UN is Calling for Aid To Syrian Refugees

UN is Calling for Aid To Syrian Refugeesimage

22 Oct 2014

UN Humanitarian Chief Calls for Aid to Syrian Refugees

  UN Humanitarian Chief Valerie Amos urges to seek funds for the Syrian refugees in Turkey, who had fled Kobani, also known as Ayn al-Arab, from Islamic State (IS) terrorist organization.

“Nearly 200,000 civilians fled Ayn Al-Arab into Turkey in a matter of weeks and the Turkish authorities responded immediately,” Amos stated Monday, urging other parties to join efforts to help the refugees.

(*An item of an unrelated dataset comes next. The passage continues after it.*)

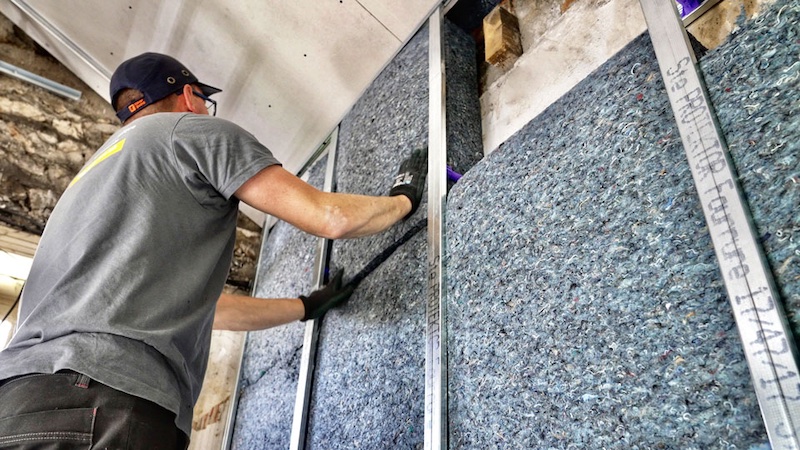 Building insulation panels made by Buitex from post-consumer waste © 2025 Andritz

The UN says 900,000 Syrian refugees are registered in Turkey and the actual number is estimated at 1.6 million.

Turning to Lebanon and Jordan, Amos said that “over three million have fled and are seeking shelter in neighboring countries – 1.1 million are registered in Lebanon where one third of the population is made up of Syrian refugees. 619,000 are registered in Jordan, but the actual number is much higher.”

Amos, who is also the UN’s Under-Secretary-General for Humanitarian Affairs and Emergency Relief Coordinator, referred to her visit to Yibo transit camp in Suruc, where 5,000 people are currently seeking shelter, recounting that she “met a woman, who hadfled Homs to Kobani and had to flee again to Suruc.”

For the past several weeks Kobani, also known as Ayn al-Arab, one of the largest towns in the Kurdish region of Syria bordering Turkey, has been under attack of the IS militants.

The IS, also known as the Islamic State of Iraq and Greater Syria (ISIS) or the Islamic State of Iraq and the Levant (ISIL), has been fighting the Syrian government since 2012. In June 2014, the group extended its attacks to northern and western Iraq and declared an Islamic caliphate on the territories under its control.